*HOW TO COMPLETE THIS TASK*
The records below must be repeated exactly, but without their pictures.

[Stored items from a collection]
***

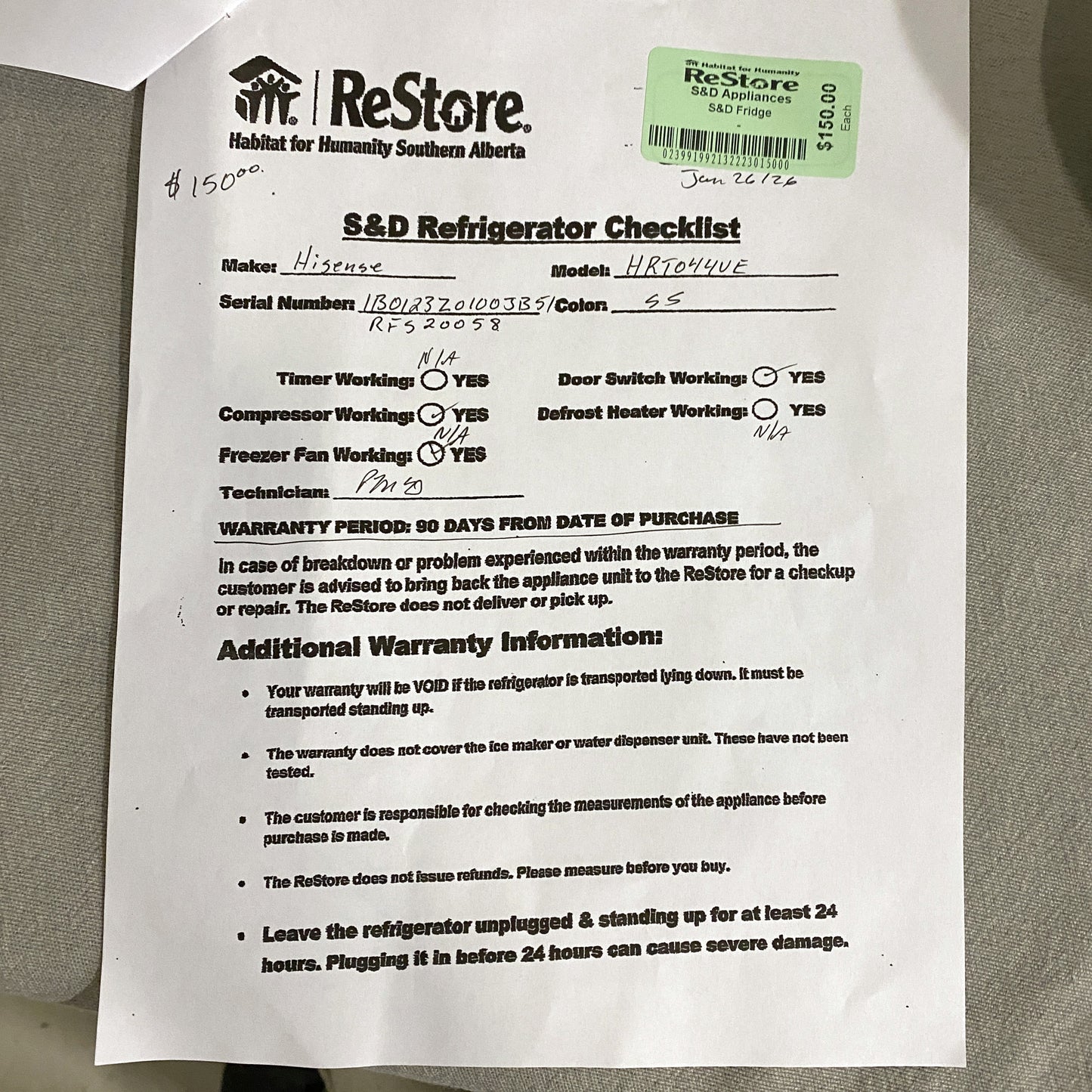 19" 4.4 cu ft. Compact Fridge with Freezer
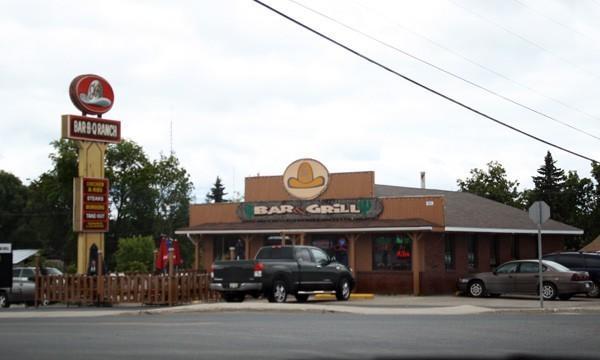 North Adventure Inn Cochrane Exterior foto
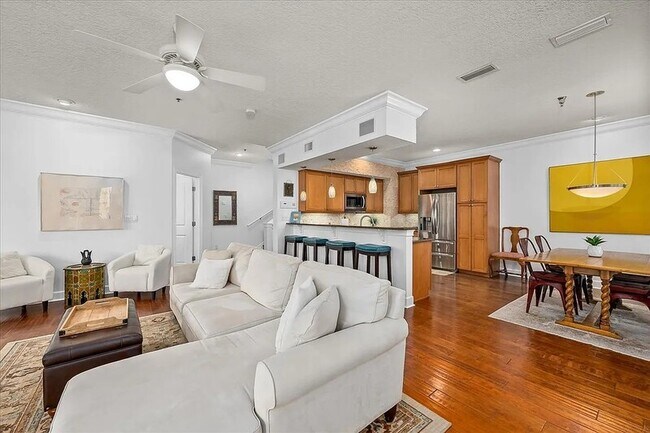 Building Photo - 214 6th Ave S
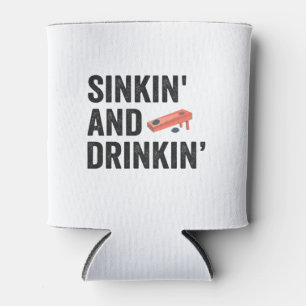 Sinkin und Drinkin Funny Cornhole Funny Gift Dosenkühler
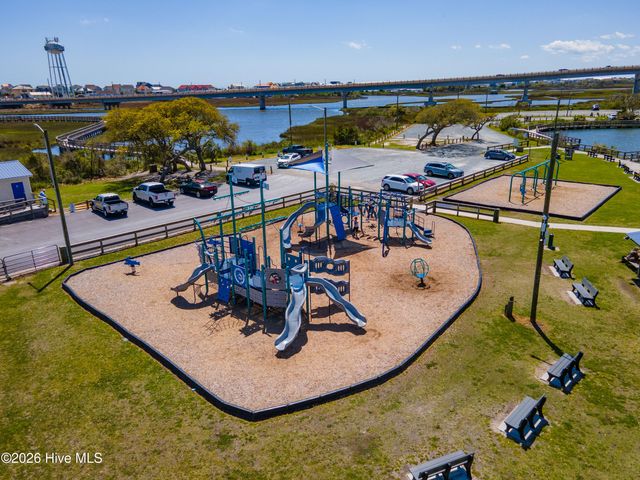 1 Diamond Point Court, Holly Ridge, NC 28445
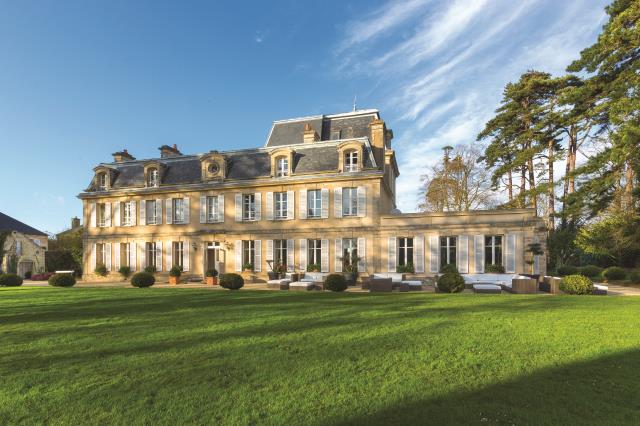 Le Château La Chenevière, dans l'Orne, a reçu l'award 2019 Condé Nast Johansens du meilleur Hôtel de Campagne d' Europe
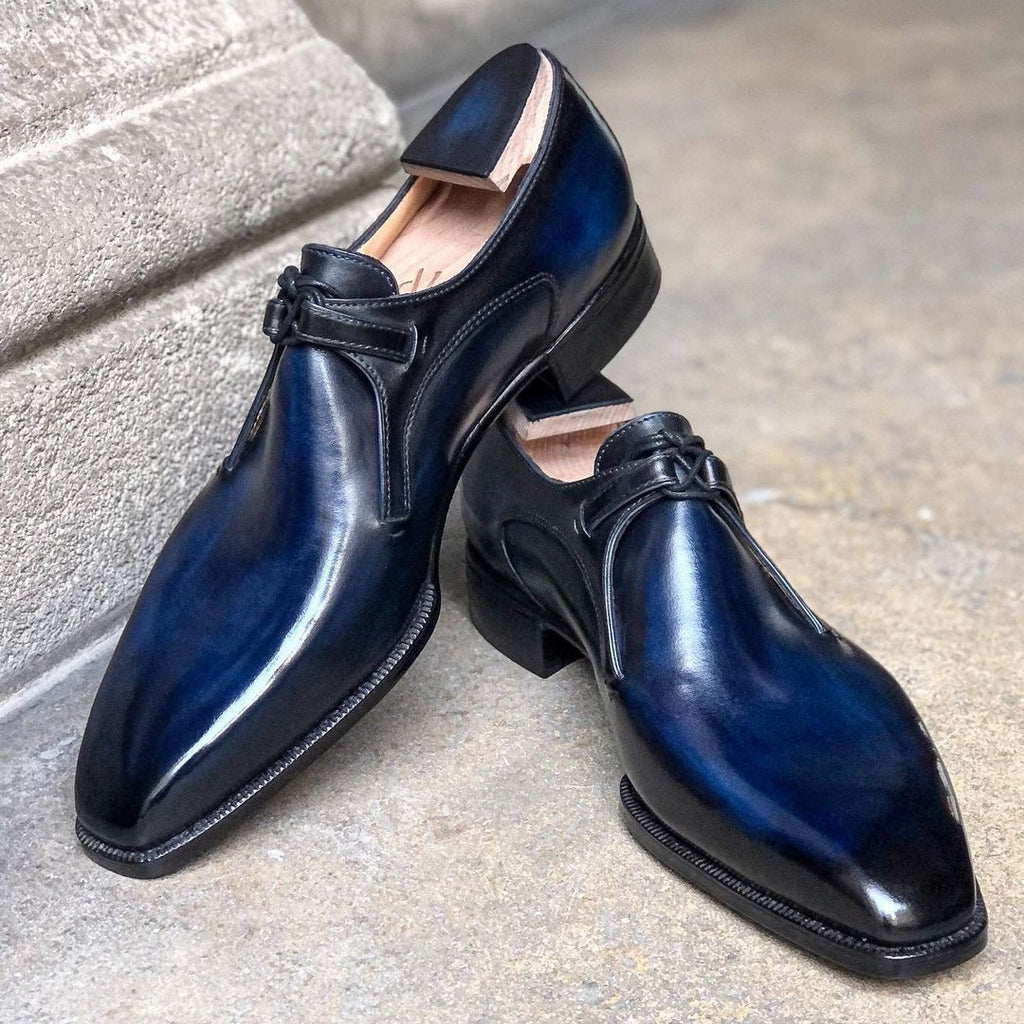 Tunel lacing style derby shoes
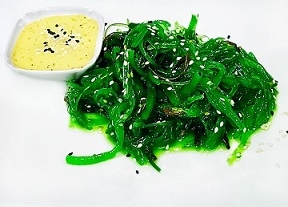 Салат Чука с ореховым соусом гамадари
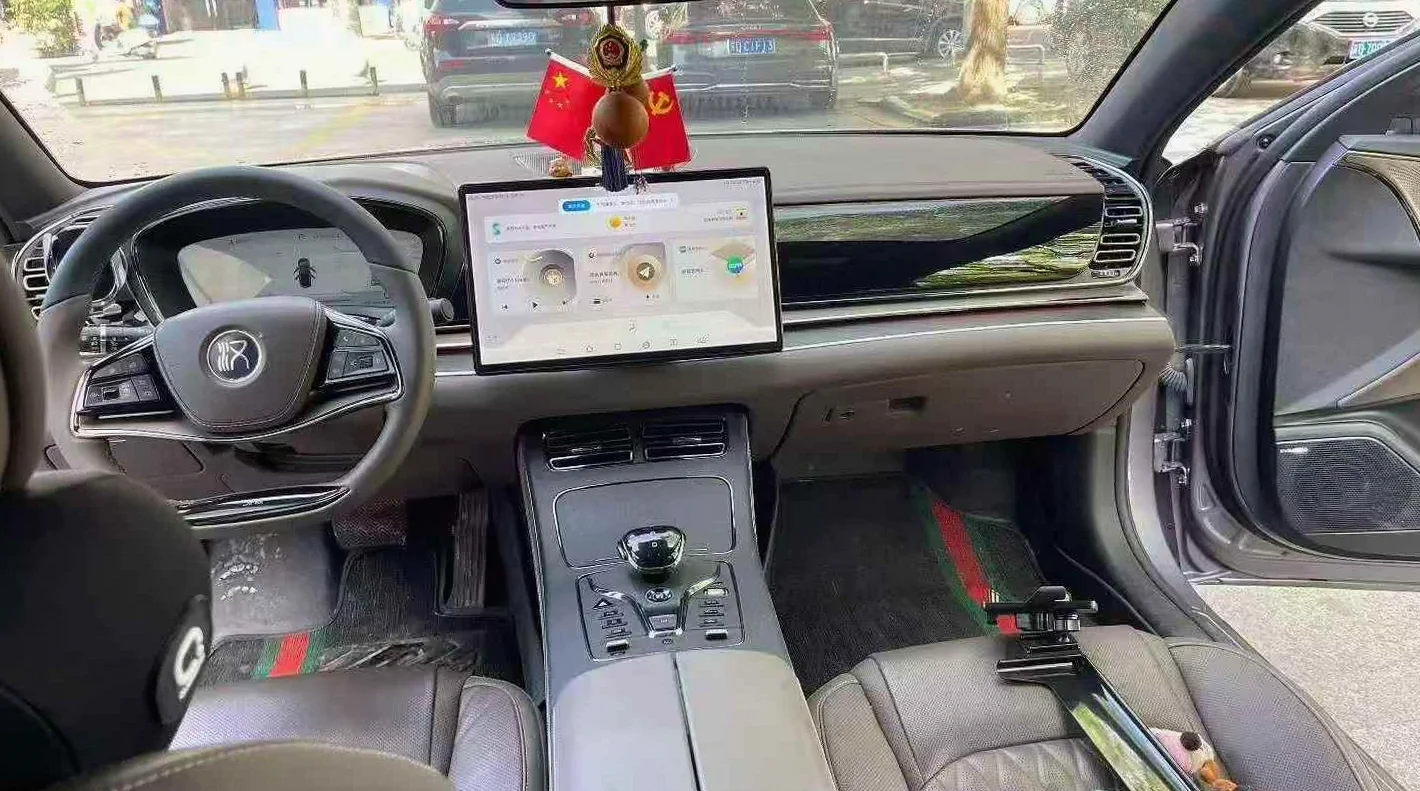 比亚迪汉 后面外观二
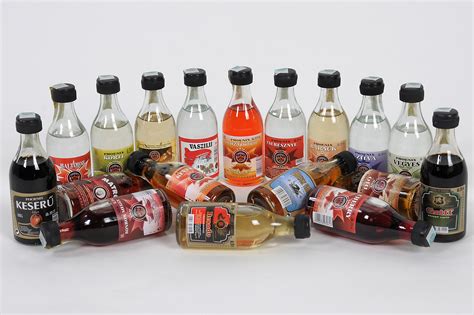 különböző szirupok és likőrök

***

*ANSWER AREA*
 19" 4.4 cu ft. Compact Fridge with Freezer
 North Adventure Inn Cochrane Exterior foto
 Building Photo - 214 6th Ave S
 Sinkin und Drinkin Funny Cornhole Funny Gift Dosenkühler
 1 Diamond Point Court, Holly Ridge, NC 28445
 Le Château La Chenevière, dans l'Orne, a reçu l'award 2019 Condé Nast Johansens du meilleur Hôtel de Campagne d' Europe
 Tunel lacing style derby shoes
 Салат Чука с ореховым соусом гамадари
 比亚迪汉 后面外观二
 különböző szirupok és likőrök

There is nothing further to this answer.